I am currently composing some music for a Cyberpunk styled games and I am looking for some tutorials or maybe custom synth banks for distorted synths as can be heard from the example below



Thanks in advance for any assistance!


----------



## Greg (Jan 29, 2020)

Id go for serum + saturation plugins like fab filter saturn. The presets in serum are decent but there are also a ton of addon packs focusing on this kind of harsh almost dubstep style. A compressor like xfer OTT is essential to get that fatness in the sound as well.


----------



## sostenuto (Jan 29, 2020)

Greg said:


> Id go for serum + saturation plugins like fab filter saturn. The presets in serum are decent but there are also a ton of addon packs focusing on this kind of harsh almost dubstep style. A compressor like xfer OTT is essential to get that fatness in the sound as well.
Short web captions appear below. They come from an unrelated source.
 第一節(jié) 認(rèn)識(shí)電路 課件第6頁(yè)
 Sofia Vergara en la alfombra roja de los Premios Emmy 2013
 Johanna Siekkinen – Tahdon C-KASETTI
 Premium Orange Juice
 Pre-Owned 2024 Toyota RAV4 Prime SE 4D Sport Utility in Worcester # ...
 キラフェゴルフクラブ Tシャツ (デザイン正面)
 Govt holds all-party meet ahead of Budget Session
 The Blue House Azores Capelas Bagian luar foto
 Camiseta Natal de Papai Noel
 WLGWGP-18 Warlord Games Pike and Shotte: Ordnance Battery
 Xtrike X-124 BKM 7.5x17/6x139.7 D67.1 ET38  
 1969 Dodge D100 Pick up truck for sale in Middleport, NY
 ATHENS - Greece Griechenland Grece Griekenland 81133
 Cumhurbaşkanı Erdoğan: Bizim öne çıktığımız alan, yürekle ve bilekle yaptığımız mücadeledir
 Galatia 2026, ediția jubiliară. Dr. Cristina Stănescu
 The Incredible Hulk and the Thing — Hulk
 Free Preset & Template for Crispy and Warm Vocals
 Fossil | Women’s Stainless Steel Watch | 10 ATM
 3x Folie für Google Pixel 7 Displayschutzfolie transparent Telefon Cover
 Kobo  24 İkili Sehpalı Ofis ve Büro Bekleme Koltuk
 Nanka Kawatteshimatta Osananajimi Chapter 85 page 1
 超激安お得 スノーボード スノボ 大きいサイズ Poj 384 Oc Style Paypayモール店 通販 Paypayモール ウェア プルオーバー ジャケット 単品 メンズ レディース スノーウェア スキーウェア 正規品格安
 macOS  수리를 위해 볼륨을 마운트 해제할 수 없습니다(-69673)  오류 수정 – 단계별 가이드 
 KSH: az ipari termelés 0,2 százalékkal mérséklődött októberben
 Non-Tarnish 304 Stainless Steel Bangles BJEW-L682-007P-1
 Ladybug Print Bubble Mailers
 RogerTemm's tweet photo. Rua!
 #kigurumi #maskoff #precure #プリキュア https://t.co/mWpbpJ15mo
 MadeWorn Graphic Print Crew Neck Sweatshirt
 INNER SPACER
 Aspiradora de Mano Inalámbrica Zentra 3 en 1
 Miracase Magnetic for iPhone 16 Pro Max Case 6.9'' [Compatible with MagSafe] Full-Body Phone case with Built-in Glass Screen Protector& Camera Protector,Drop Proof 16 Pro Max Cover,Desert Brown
Hmmmmm ....... sooo committed to Omni v2.6, BUT recently added SoundSpot Union and their several Expansions.
Wondering how close to Serum ( in OP's specific genres ) I can get ....


----------



## GFGS (Jan 29, 2020)

Fustrun,

Check this:



GetFilmGameMusic
Brian


----------



## davidson (Jan 29, 2020)

__





Nexus/Expansion | reFX


reFX - home of NEXUS virtual instrument




refx.com





Slap distressor or trash 2 on your inserts and you're away


----------



## fustrun (Feb 4, 2020)

Thanks guys for all the feedback!


----------



## KEM (Feb 5, 2020)

Serum all the way!


----------



## jcrosby (Feb 5, 2020)

Serum or Omnisphere are awesome for this... Someone else mentioned Saturn, another great option is Trash 2...


----------



## Nick Batzdorf (Feb 5, 2020)

davidson said:


> __
> 
> 
> 
> ...



Or a guitar amp program.


----------



## KEM (Feb 5, 2020)

Nick Batzdorf said:


> Or a guitar amp program.



Also a cool option, I love messing around with BIAS FX on orchestral samples and synths


----------